Я поправлял ее ошибки, но она запутывалась еще больше: так, например, спросила, как могли такого доброго человека – она имела в виду дядю Маноло, о веселых юношеских проделках которого я только что рассказывал, – как могли его расстрелять, у какого чудовища поднялась на него рука. Я объяснил: его не расстреляли, хотя, правда, он спасся чудом, находился на волоске от смерти. В таком случае, переспрашивала она, при чем тут старые истории про то, как он в молодости, в студенческие годы, да и после женитьбы, подшучивал над старшим братом Хесусом, человеком серьезным и шуток не терпевшим, – он наверняка злился, ведь обиделся же он из-за розыгрыша с раскаявшимся цыганом. Да, объяснял я, Маноло, особенно в молодости, был человеком веселым, большим любителем погулять и подурачиться, хотя, надо сказать, уже тогда у него проявлялись другие черты – в частности, несдержанность, – которые со временем усиливались; он был мастер на выдумки, а это порою раздражало окружающих, однако сердце у него доброе – он, как правильно сказала госпожа, в этом смысле был добрый, в этом ему не откажешь; кто знает, может быть, все эти разнообразные качества и помогли ему потом выбраться живым из такой переделки, – нелегко было выйти из тюрьмы, а затем и вовсе уехать из страны.

Но госпожа спутала его с дядей Хесусом, об ужасной участи которого, хотя не так подробно, я только что ей рассказывал. «Убили не его, а старшего брата», – уточнил я.

Внезапно я почувствовал усталость и опустил глаза. Как я устал, и сразу, неожиданно! Все вокруг молчали; подняв глаза и посмотрев почему-то влево, я наткнулся на взгляд Мириам, которой до этого почти не замечал. Девушка тут же опустила глаза, но спрятать лицо не могла – она сидела совсем рядом, я видел ее пухлые губы, блестевшие от бараньего жира.
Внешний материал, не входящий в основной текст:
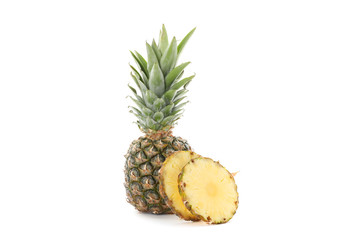 Pineapple and slices isolated on white background
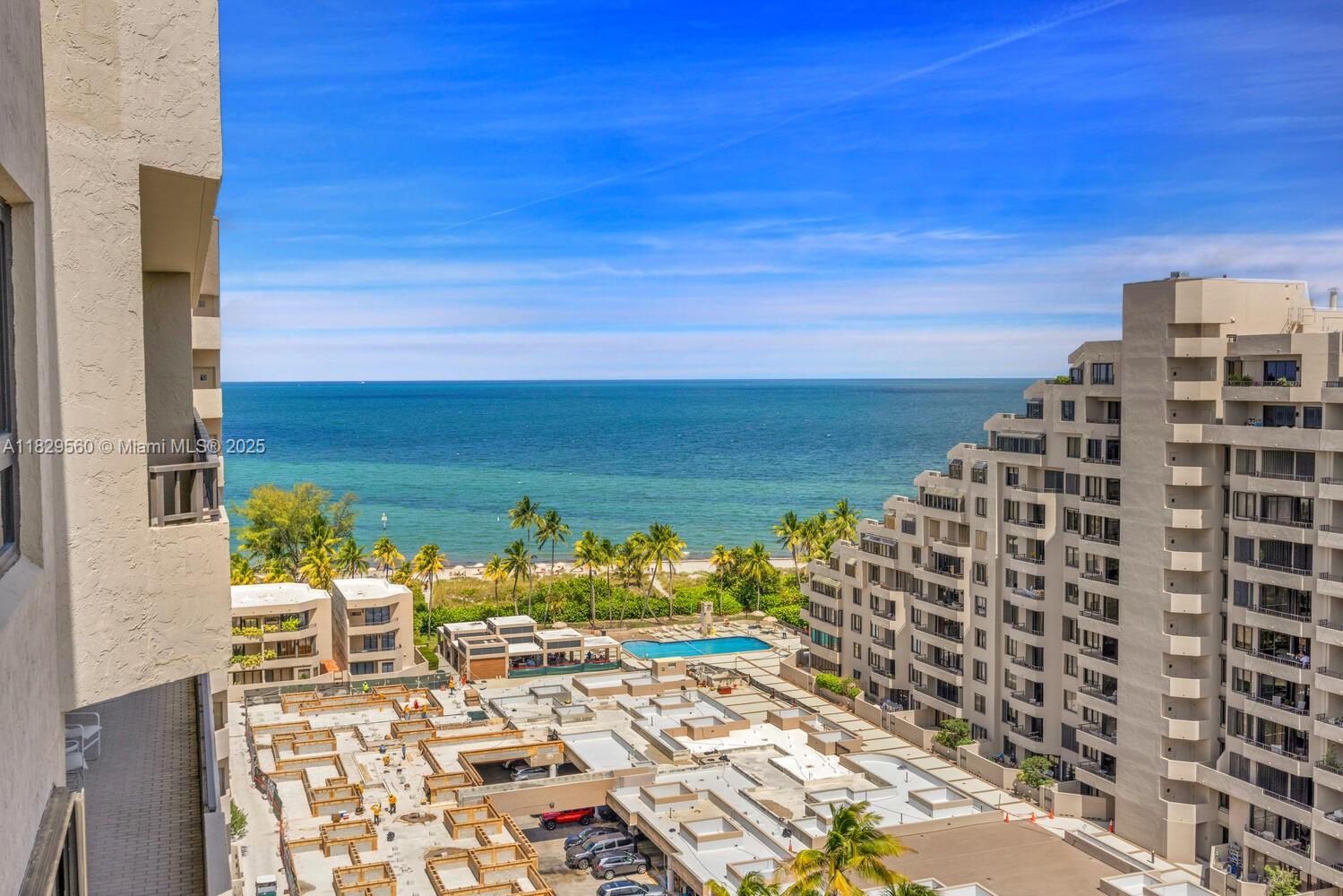 a view of a balcony with an ocean view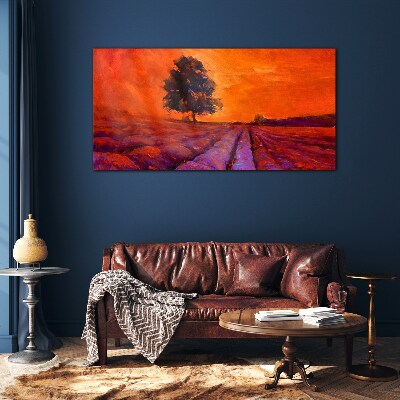 Sunset over the fields Glass Print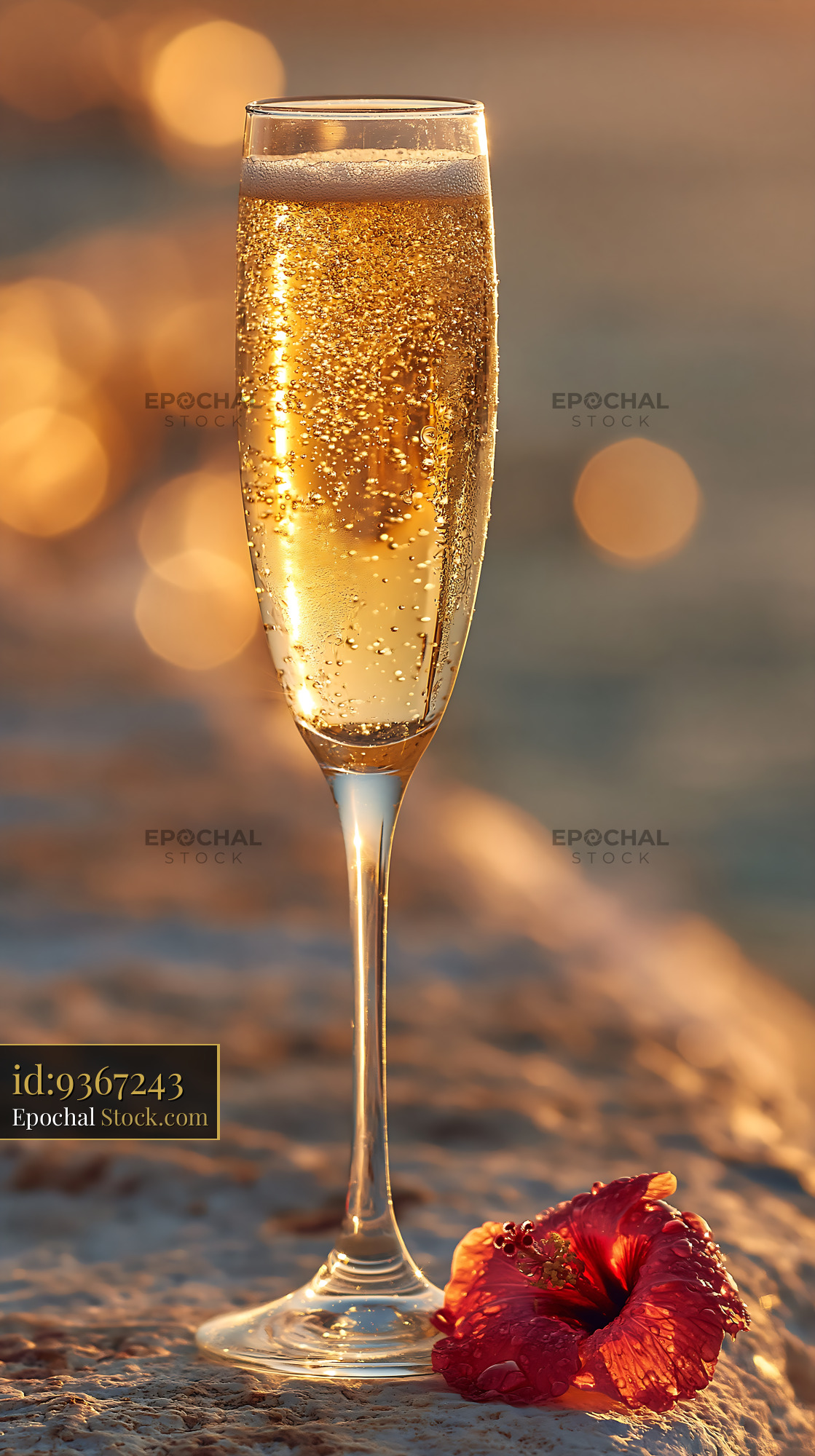 Chilled glass of lemonade with ice cubes and hibiscus at sunset - stock photo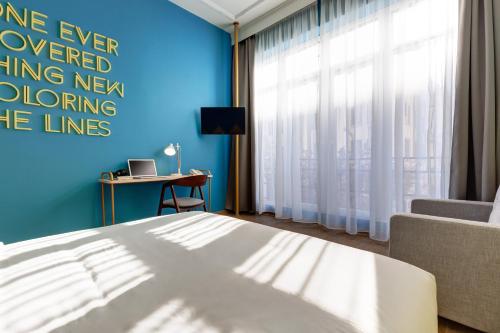 a bedroom with a bed and a blue wall at Colors Urban Hotel Thessaloniki in Thessaloniki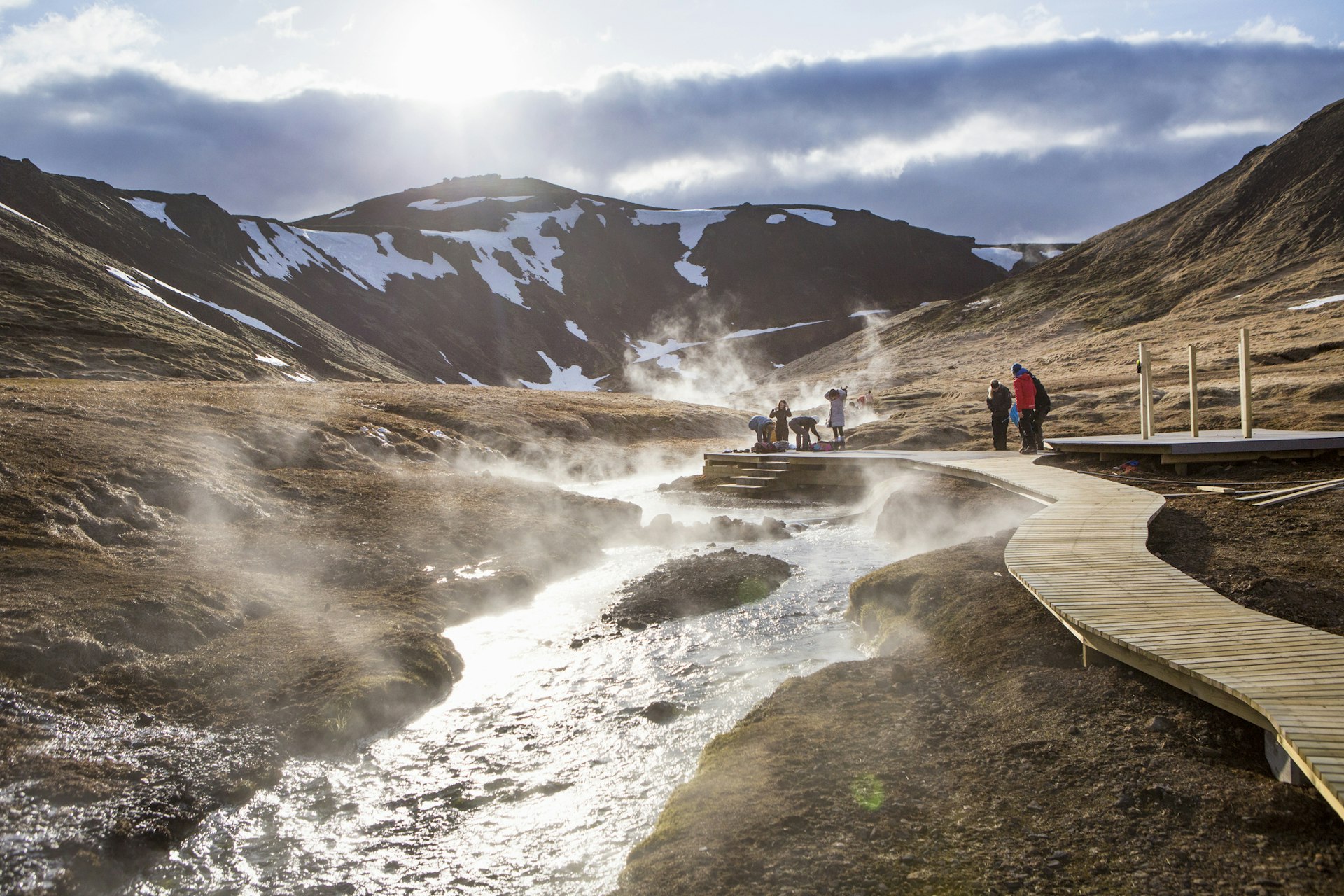 People walk on boardwalks alongside hot springs with steam rising from the water into the cold air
Я перевел взгляд на Юсуфа – тот, полуоткинувшись на сиденье, смотрел со спокойным, чуть заметным любопытством, пожалуй даже холодновато, лениво покачивая сползшей с ноги табачного цвета туфлей без задника. Мать без устали продолжала сыпать вопросами; юноша, более тактичный и умный, дал ей понять, предложив мне новый кусок баранины, что пора убирать со стола. Женщины встали, унесли поднос, вскоре вернулись с другим – на нем стояла банка варенья, а вокруг крохотные пирожные и другие сладости. Большой стакан напитка из лимонов опередил мою просьбу, и, взяв в помощь мутный ледяной лимонад, я решил все-таки загрузить десертом свой истерзанный желудок. Попробовав варенье, я похвалил его. Из чего оно? Мне ответили, что из роз. «Из цветов? – изумился я. – Как это?» «Да, из роз, я сама его варила», – сообщила мне хозяйка, улыбаясь. Узнав, что я никогда не пробовал такое варенье и даже не знал, что существует «столь поэтическая», как я выразился, его разновидность, сеньора решила посвятить меня в секреты его приготовления: как собираются лепестки свежих роз, как отмачиваются, что сперва, а что потом… Вкус у варенья был приятный, но не лучше и не хуже, чем у любого другого; особого аромата я не ощутил.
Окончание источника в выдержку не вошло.